Yamaha Vocaloid Software
n this series, clicks’n’cuts dilettante Francis Henville describes his descent into the netherworld of Japanese, Taiwanese and Korean commercial pop. Track by track, he navigates deeper into the genre, searching for ever-more-toothsome morsels with which to satiate his jaded appetite…
Kimi No Uwasa
Yes, you read that title right. This year, Yamaha released a software program called Vocaloid. It’s a program that takes multi-samples of vocalists singing vowels, consonants and other tiny chunks of speech. Once the elaborate system of samples is prepared, it can be plugged into the software, and then a user can type words and program melodies that he wishes the program will sing. The program sings back the vocal part with astonishing realism, which, if not perfectly convincing, is nevertheless eerie in its accuracy. This track is one of the demo tracks that Yamaha produced to show off exactly what its new program can do. Although it’s not available commercially, as far as I know, you can download a copy for free here.
But I haven’t reviewed this song simply because of the original nature of its lead line.
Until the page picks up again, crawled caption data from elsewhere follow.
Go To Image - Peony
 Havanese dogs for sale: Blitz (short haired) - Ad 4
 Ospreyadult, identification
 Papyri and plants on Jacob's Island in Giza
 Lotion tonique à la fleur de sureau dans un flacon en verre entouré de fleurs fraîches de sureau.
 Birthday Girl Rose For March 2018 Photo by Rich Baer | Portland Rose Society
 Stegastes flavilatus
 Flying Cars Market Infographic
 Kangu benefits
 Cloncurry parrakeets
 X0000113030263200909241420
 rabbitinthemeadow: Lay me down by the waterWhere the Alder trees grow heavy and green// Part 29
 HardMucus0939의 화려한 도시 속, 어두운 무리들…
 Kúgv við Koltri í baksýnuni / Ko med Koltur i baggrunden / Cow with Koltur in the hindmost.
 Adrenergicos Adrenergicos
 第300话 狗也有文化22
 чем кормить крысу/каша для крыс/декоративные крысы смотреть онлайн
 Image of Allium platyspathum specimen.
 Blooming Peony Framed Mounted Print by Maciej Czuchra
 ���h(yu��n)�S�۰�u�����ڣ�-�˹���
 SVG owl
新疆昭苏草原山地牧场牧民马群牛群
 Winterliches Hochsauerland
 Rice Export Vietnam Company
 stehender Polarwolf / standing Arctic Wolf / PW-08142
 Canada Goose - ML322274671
It’s a brilliant, direct and emotional piece of music. The track is only a minute and 53 seconds long. That gives just enough time for two verses, a chorus and an outro. The arrangement is simple: one synthesized voice, one acoustic guitar, a shaker, a tambourine, and one set of bell chimes. For all I know, the whole track could have been made inside a computer, but that’s not really important.
In less than two minutes this computer program manages to turn my heart into an eggplant. I’ve sat listening to this same track over and over and I’m still not sick of it. There is almost no intro—the guitar plucks a couple of notes, and the lead vocal comes in, singing a plaintive minor-key melody. The guitar plays arpeggios while the software gently articulates the particular problems faced by a man with an eggplant for a heart. As we reach the chorus, the shaker enters, with the tambourine accenting the two and the four, and the vocalist sings long obbligatos over the instruments. The track ends after a few repetitions of the pathetically sad chorus melody, and the bell chimes add a perfectly understated final flourish.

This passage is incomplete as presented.